Work request » A word-for-word repeat of the records below is what this calls for.

Records provided »
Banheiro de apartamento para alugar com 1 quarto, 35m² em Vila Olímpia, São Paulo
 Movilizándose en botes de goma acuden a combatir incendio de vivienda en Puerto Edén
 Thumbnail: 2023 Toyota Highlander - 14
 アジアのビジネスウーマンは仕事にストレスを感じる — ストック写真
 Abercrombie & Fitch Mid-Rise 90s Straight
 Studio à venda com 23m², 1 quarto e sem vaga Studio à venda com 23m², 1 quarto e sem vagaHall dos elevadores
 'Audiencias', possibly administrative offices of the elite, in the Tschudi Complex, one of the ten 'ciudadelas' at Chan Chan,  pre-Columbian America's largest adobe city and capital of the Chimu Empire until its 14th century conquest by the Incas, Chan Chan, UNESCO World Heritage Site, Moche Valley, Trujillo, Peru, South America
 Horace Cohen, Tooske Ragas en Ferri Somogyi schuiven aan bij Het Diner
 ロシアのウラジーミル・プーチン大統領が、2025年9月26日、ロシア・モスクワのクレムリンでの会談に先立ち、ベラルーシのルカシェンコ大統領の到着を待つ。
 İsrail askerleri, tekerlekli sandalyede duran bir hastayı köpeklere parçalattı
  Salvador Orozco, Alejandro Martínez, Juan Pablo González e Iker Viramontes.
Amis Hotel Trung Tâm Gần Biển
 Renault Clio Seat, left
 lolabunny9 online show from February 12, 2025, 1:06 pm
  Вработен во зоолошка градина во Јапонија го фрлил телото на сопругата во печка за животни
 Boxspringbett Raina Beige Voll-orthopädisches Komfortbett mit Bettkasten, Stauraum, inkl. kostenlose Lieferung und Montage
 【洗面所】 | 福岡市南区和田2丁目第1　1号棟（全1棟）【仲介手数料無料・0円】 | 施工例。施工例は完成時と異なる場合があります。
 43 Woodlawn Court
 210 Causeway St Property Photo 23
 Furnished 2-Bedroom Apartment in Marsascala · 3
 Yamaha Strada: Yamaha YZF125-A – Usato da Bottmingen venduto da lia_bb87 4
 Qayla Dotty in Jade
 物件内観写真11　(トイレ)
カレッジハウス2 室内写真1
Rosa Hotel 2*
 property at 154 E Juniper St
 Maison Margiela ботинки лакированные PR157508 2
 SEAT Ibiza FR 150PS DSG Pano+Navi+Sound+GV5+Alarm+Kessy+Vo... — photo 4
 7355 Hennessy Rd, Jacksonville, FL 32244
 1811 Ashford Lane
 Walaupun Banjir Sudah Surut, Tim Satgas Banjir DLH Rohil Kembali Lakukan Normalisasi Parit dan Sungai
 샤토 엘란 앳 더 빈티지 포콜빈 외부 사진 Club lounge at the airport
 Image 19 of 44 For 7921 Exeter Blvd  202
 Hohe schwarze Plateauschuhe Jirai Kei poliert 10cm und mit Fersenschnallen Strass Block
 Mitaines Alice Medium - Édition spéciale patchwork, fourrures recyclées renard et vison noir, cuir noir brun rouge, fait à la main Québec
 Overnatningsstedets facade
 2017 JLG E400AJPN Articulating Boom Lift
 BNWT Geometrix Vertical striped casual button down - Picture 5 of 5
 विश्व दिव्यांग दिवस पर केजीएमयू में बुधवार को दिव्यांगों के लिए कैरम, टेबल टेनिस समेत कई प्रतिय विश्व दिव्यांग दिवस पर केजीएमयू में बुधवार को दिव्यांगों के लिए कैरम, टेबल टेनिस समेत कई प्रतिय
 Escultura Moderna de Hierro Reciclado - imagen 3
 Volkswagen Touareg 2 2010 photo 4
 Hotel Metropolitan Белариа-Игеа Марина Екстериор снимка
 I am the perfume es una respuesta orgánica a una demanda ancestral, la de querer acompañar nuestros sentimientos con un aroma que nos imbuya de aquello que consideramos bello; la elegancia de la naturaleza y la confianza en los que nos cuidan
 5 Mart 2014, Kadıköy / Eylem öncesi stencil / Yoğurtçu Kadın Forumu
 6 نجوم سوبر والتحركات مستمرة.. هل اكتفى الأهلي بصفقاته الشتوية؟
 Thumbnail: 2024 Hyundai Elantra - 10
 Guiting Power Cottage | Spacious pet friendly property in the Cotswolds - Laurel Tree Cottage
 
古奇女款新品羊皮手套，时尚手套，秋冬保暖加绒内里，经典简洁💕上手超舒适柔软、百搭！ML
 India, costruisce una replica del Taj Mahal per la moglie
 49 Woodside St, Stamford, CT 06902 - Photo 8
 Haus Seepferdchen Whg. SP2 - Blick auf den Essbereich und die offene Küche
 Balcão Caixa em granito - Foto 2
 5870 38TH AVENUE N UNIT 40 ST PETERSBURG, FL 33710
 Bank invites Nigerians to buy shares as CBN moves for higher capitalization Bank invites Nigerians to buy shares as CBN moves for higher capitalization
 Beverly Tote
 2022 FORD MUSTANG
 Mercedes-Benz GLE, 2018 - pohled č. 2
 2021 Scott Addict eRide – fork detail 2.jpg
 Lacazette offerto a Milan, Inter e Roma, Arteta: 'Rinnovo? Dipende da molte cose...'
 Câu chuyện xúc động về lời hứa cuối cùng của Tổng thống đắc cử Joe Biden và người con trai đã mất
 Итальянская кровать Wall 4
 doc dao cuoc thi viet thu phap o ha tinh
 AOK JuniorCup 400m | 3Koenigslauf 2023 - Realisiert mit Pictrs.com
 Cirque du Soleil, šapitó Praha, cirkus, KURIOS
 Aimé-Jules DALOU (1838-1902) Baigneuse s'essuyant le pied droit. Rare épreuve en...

Written response »
Banheiro de apartamento para alugar com 1 quarto, 35m² em Vila Olímpia, São Paulo
 Movilizándose en botes de goma acuden a combatir incendio de vivienda en Puerto Edén
 Thumbnail: 2023 Toyota Highlander - 14
 アジアのビジネスウーマンは仕事にストレスを感じる — ストック写真
 Abercrombie & Fitch Mid-Rise 90s Straight
 Studio à venda com 23m², 1 quarto e sem vaga Studio à venda com 23m², 1 quarto e sem vagaHall dos elevadores
 'Audiencias', possibly administrative offices of the elite, in the Tschudi Complex, one of the ten 'ciudadelas' at Chan Chan,  pre-Columbian America's largest adobe city and capital of the Chimu Empire until its 14th century conquest by the Incas, Chan Chan, UNESCO World Heritage Site, Moche Valley, Trujillo, Peru, South America
 Horace Cohen, Tooske Ragas en Ferri Somogyi schuiven aan bij Het Diner
 ロシアのウラジーミル・プーチン大統領が、2025年9月26日、ロシア・モスクワのクレムリンでの会談に先立ち、ベラルーシのルカシェンコ大統領の到着を待つ。
 İsrail askerleri, tekerlekli sandalyede duran bir hastayı köpeklere parçalattı
  Salvador Orozco, Alejandro Martínez, Juan Pablo González e Iker Viramontes.
Amis Hotel Trung Tâm Gần Biển
 Renault Clio Seat, left
 lolabunny9 online show from February 12, 2025, 1:06 pm
  Вработен во зоолошка градина во Јапонија го фрлил телото на сопругата во печка за животни
 Boxspringbett Raina Beige Voll-orthopädisches Komfortbett mit Bettkasten, Stauraum, inkl. kostenlose Lieferung und Montage
 【洗面所】 | 福岡市南区和田2丁目第1　1号棟（全1棟）【仲介手数料無料・0円】 | 施工例。施工例は完成時と異なる場合があります。
 43 Woodlawn Court
 210 Causeway St Property Photo 23
 Furnished 2-Bedroom Apartment in Marsascala · 3
 Yamaha Strada: Yamaha YZF125-A – Usato da Bottmingen venduto da lia_bb87 4
 Qayla Dotty in Jade
 物件内観写真11　(トイレ)
カレッジハウス2 室内写真1
Rosa Hotel 2*
 property at 154 E Juniper St
 Maison Margiela ботинки лакированные PR157508 2
 SEAT Ibiza FR 150PS DSG Pano+Navi+Sound+GV5+Alarm+Kessy+Vo... — photo 4
 7355 Hennessy Rd, Jacksonville, FL 32244
 1811 Ashford Lane
 Walaupun Banjir Sudah Surut, Tim Satgas Banjir DLH Rohil Kembali Lakukan Normalisasi Parit dan Sungai
 샤토 엘란 앳 더 빈티지 포콜빈 외부 사진 Club lounge at the airport
 Image 19 of 44 For 7921 Exeter Blvd  202
 Hohe schwarze Plateauschuhe Jirai Kei poliert 10cm und mit Fersenschnallen Strass Block
 Mitaines Alice Medium - Édition spéciale patchwork, fourrures recyclées renard et vison noir, cuir noir brun rouge, fait à la main Québec
 Overnatningsstedets facade
 2017 JLG E400AJPN Articulating Boom Lift
 BNWT Geometrix Vertical striped casual button down - Picture 5 of 5
 विश्व दिव्यांग दिवस पर केजीएमयू में बुधवार को दिव्यांगों के लिए कैरम, टेबल टेनिस समेत कई प्रतिय विश्व दिव्यांग दिवस पर केजीएमयू में बुधवार को दिव्यांगों के लिए कैरम, टेबल टेनिस समेत कई प्रतिय
 Escultura Moderna de Hierro Reciclado - imagen 3
 Volkswagen Touareg 2 2010 photo 4
 Hotel Metropolitan Белариа-Игеа Марина Екстериор снимка
 I am the perfume es una respuesta orgánica a una demanda ancestral, la de querer acompañar nuestros sentimientos con un aroma que nos imbuya de aquello que consideramos bello; la elegancia de la naturaleza y la confianza en los que nos cuidan
 5 Mart 2014, Kadıköy / Eylem öncesi stencil / Yoğurtçu Kadın Forumu
 6 نجوم سوبر والتحركات مستمرة.. هل اكتفى الأهلي بصفقاته الشتوية؟
 Thumbnail: 2024 Hyundai Elantra - 10
 Guiting Power Cottage | Spacious pet friendly property in the Cotswolds - Laurel Tree Cottage
 
古奇女款新品羊皮手套，时尚手套，秋冬保暖加绒内里，经典简洁💕上手超舒适柔软、百搭！ML
 India, costruisce una replica del Taj Mahal per la moglie
 49 Woodside St, Stamford, CT 06902 - Photo 8
 Haus Seepferdchen Whg. SP2 - Blick auf den Essbereich und die offene Küche
 Balcão Caixa em granito - Foto 2
 5870 38TH AVENUE N UNIT 40 ST PETERSBURG, FL 33710
 Bank invites Nigerians to buy shares as CBN moves for higher capitalization Bank invites Nigerians to buy shares as CBN moves for higher capitalization
 Beverly Tote
 2022 FORD MUSTANG
 Mercedes-Benz GLE, 2018 - pohled č. 2
 2021 Scott Addict eRide – fork detail 2.jpg
 Lacazette offerto a Milan, Inter e Roma, Arteta: 'Rinnovo? Dipende da molte cose...'
 Câu chuyện xúc động về lời hứa cuối cùng của Tổng thống đắc cử Joe Biden và người con trai đã mất
 Итальянская кровать Wall 4
 doc dao cuoc thi viet thu phap o ha tinh
 AOK JuniorCup 400m | 3Koenigslauf 2023 - Realisiert mit Pictrs.com
 Cirque du Soleil, šapitó Praha, cirkus, KURIOS
 Aimé-Jules DALOU (1838-1902) Baigneuse s'essuyant le pied droit. Rare épreuve en...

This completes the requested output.